## SUPPLIED RECORDS
● ● ● ● ● ● ●

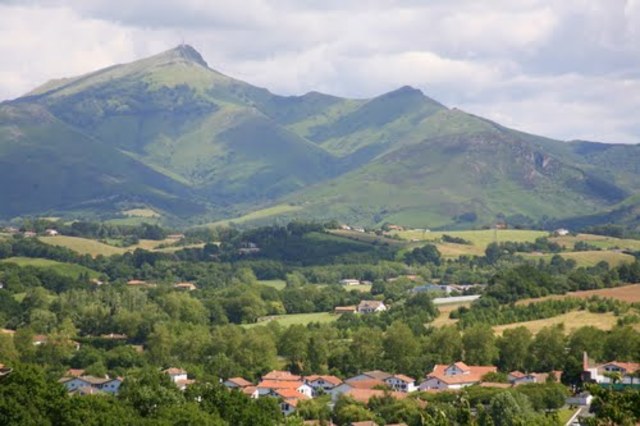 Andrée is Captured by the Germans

● ● ● ● ● ● ●

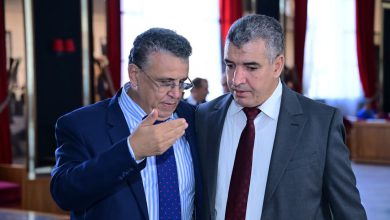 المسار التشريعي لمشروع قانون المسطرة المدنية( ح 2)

● ● ● ● ● ● ●

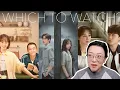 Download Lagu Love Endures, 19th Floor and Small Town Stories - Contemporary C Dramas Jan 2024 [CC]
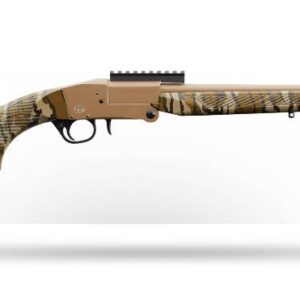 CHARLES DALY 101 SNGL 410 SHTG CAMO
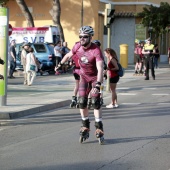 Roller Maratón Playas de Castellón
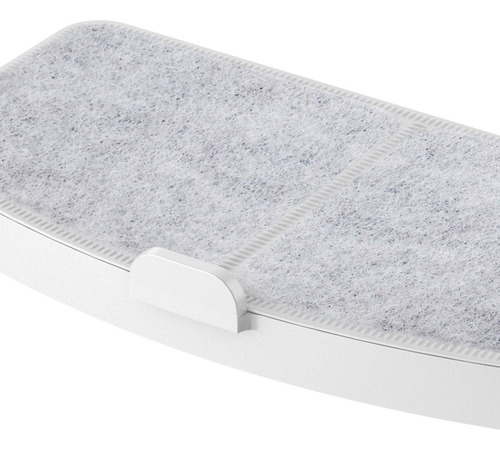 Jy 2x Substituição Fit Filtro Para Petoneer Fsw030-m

● ● ● ● ● ● ●

## GOAL OF THE EXERCISE
Output exactly the lines above, beginning at the one with "Download Lagu Love" and stopping after the one with "Jy 2x Substituição". Pictures are to be omitted.

## RESPONSE BOX
 Download Lagu Love Endures, 19th Floor and Small Town Stories - Contemporary C Dramas Jan 2024 [CC]
 CHARLES DALY 101 SNGL 410 SHTG CAMO
 Roller Maratón Playas de Castellón
 Jy 2x Substituição Fit Filtro Para Petoneer Fsw030-m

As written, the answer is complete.